Amazon Gets Up Close and Personal with Your Data

Amazon is practicing data security by hounding its AWS clients to be more careful.

Photo courtesy of krblokhin on iStock.

Sign up to uncover the latest in emerging technology.

Amazon wants to handle your data with care… or at least nag its AWS customers to do so. 

The company is seeking to patent “statistical techniques” for detecting sensitive data. Essentially, this tech uses machine learning to determine the probability of whether or not a dataset includes sensitive information, such as addresses, IP addresses or phone numbers. 

If the machine learning model predicts that a dataset may contain sensitive data, the system will inform the owner of the dataset and suggest that a sensitive data handling policy be enforced, such as “an encryption policy, or a policy that results in the isolation or deletion of the sensitive data.” If the owner of the dataset claims that the system falsely detected sensitive data, that information is used in turn to train the model to be better at detection.  

Given the rapid rate at which data is being collected, Amazon said, detecting the presence of sensitive data to keep it safe from security breaches and ensure compliance with privacy regulations remains a “non-trivial technical problem.” 

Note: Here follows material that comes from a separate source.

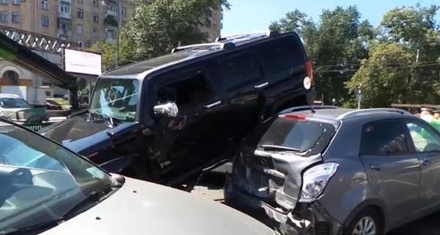 На юге Москвы Hummer заехал на крыши других автомобилей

“The sophistication of network-based attack mechanisms has increased,” Amazon said in its filing. “Hardware and software engineers keep enhancing the built-in safety mechanisms of computer systems, while attackers keep discovering new avenues for penetrating the defenses designed by the engineers.”

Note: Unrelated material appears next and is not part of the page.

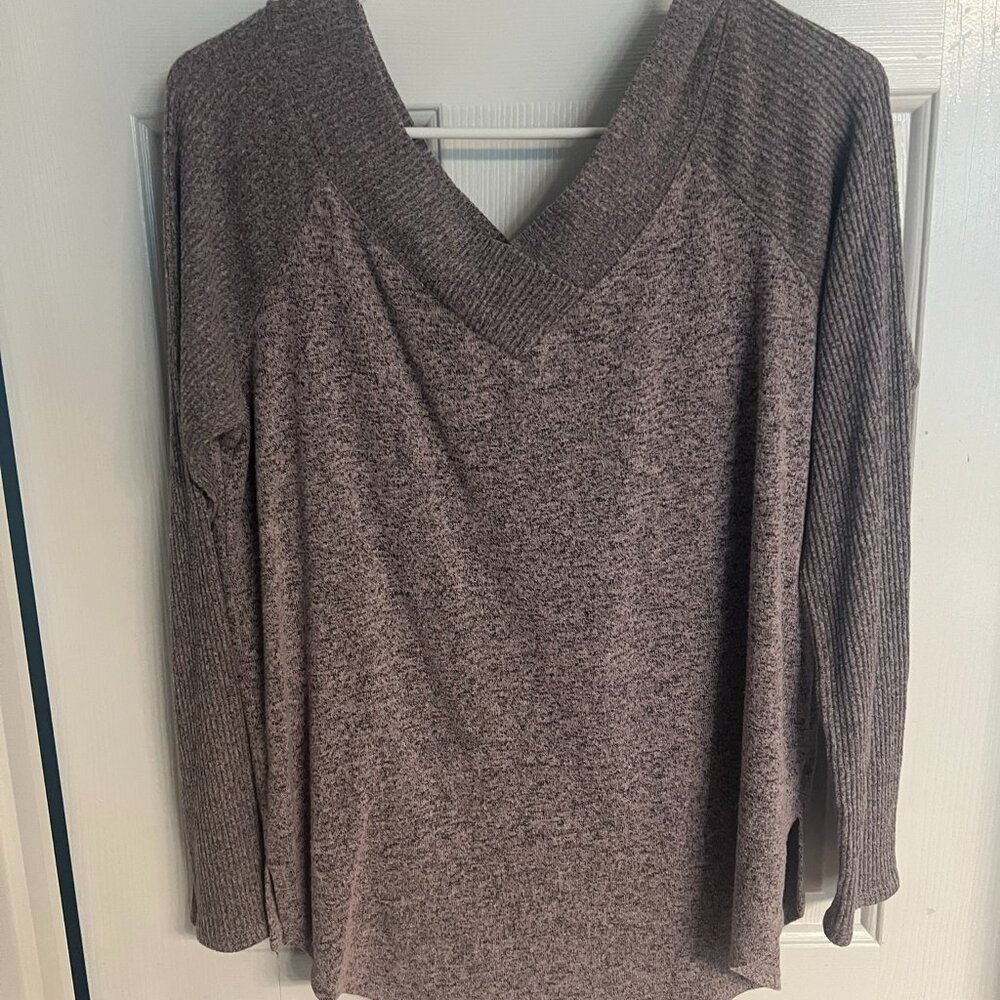 Purple long sleve Vneck top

Photo courtesy of the U.S. Patent and Trademark Office.

Millions of people have been affected by breaches of AWS clients in recent years. In a notable instance in 2019, a former Amazon employee stole the personal information of 100 million CapitalOne customers by exploiting the credit card company’s systems in 2019.

After the incident, AWS and other cloud infrastructure companies invested heavily in security tools and support, Ari Weil, VP of marketing of cloud data security firm Cyera, told me. But they also doubled down on the idea that companies are responsible for their own data, he noted.

“Today, the definition of ‘good enough’ tooling, education, and support is changing, and so it is no surprise that these vendors are investing in technology that can effectively stop customers from running with scissors when it comes to data security,” Weil said.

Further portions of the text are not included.